- Born: 24 July 1834 Greysouthern, England
- Died: 6 July 1884 (aged 49) Moresby, Cumbria, England
- Known for: Designing Talyllyn and Dolgoch

= Henry Allason Fletcher =

English locomotive designer (1834-1884)

Henry Allason Fletcher was an English engineer and locomotive designer, best known for being the designer of the locomotives Dolgoch and Talyllyn.

== Early life ==
Fletcher was born in Greysouthern, Cumbria, to John Wilson Flecther and Mary Allason. He married Lucy Maria Sutton in 1868 Fletcher was educated at a private school. His family had been involved in the local coal industry for decades and he had been interested in mechanics since he was a child.
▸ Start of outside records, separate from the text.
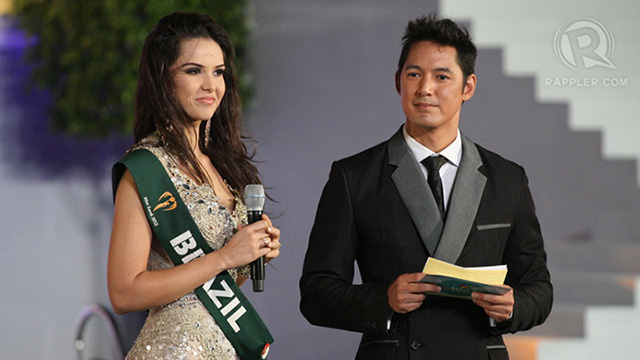 Miss Brazil listens to the question: What would you consider is your defining moment as a woman?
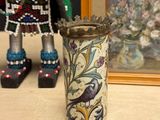 a small vase with a bird on it sitting on a table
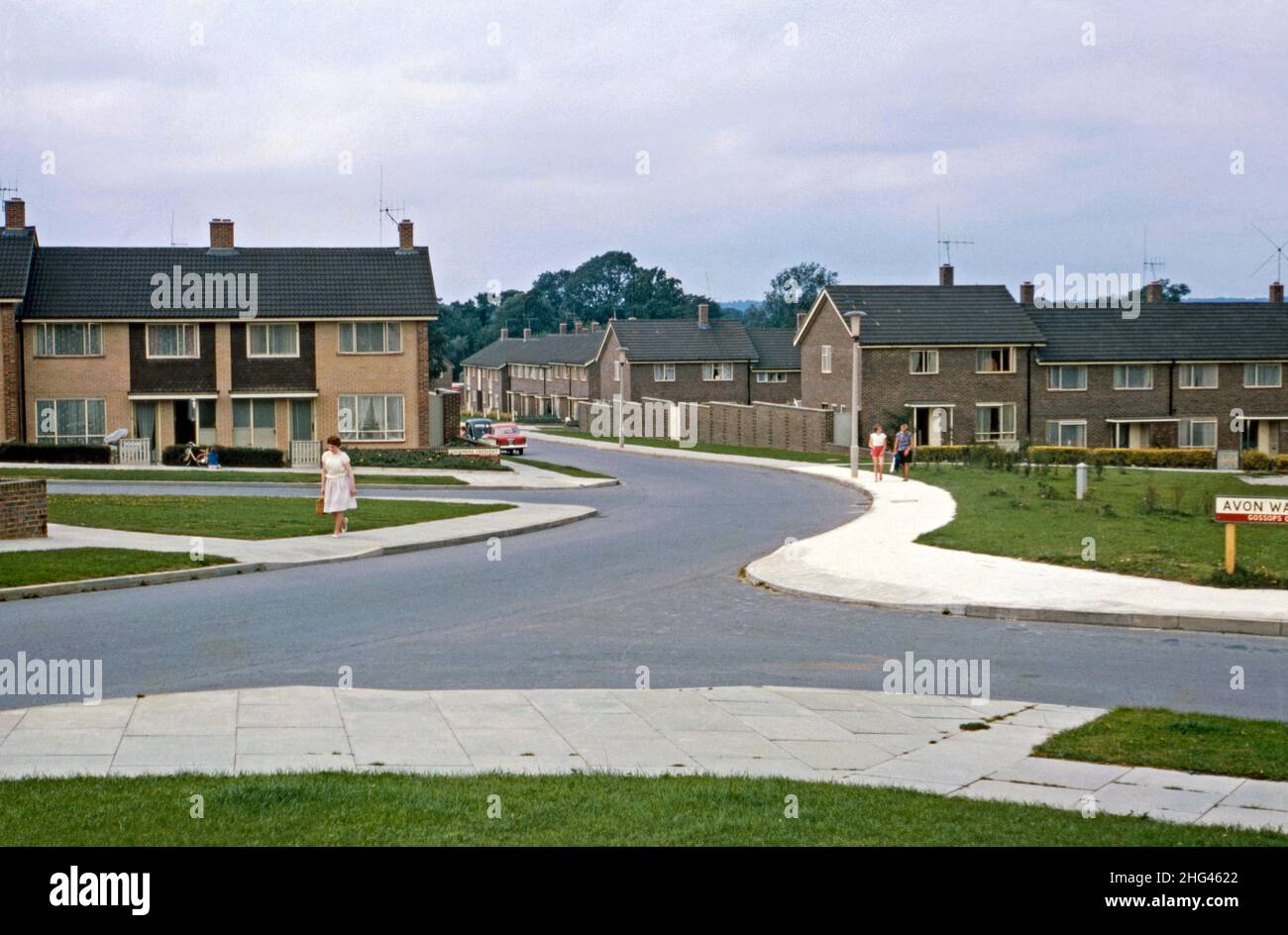 A view west along Rother Crescent in the Gossops Green area of Crawley ‘New Town’, West Sussex, England, UK in 1966. The neighbourhood, west of the town centre, was one of 14 suburbs developed to create the post-war ‘new town’. After the World War II, in order to relocate those in London’s poor or bombed-out housing, large numbers of people and jobs were moved to new towns around SE England and Crawley was the one of these – a vintage 1960s photograph. Stock Photo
He gained his work experience as a mechanical engineer at Gilkes, Wilkinson and Company in Middlesbrough. before returning to his local Whitehaven.

== Career ==
Fletcher returned to his hometown of Whitehaven in 1857 to work for Fletcher, Jennings & Co. which was founded by his father. He became managing partner, alongside Daniel Jennings and Edward Waugh. His most famous designs were the locomotives, Talyllyn and Dolgoch, both of which are still in service. Apart from designing locomotives he carried out new patents such as improvements in the boring and planing of metal, specialities in tank-locomotives and a third for improvements in the permanent-way of railways. Fletcher was considered very clever with sketching in pen or pencil and as a caricaturist was without equal. Fletcher was president of the Whitehaven Scientific Society, to which he wrote on the Archaeology of the Iron Trade of West Cumberland. He was also a magistrate and chairman at Moresby School. Fletcher retired in 1884 from ill health. He oversaw the construction of 171 locomotives.

Fletcher died at 49 due to tuberculosis.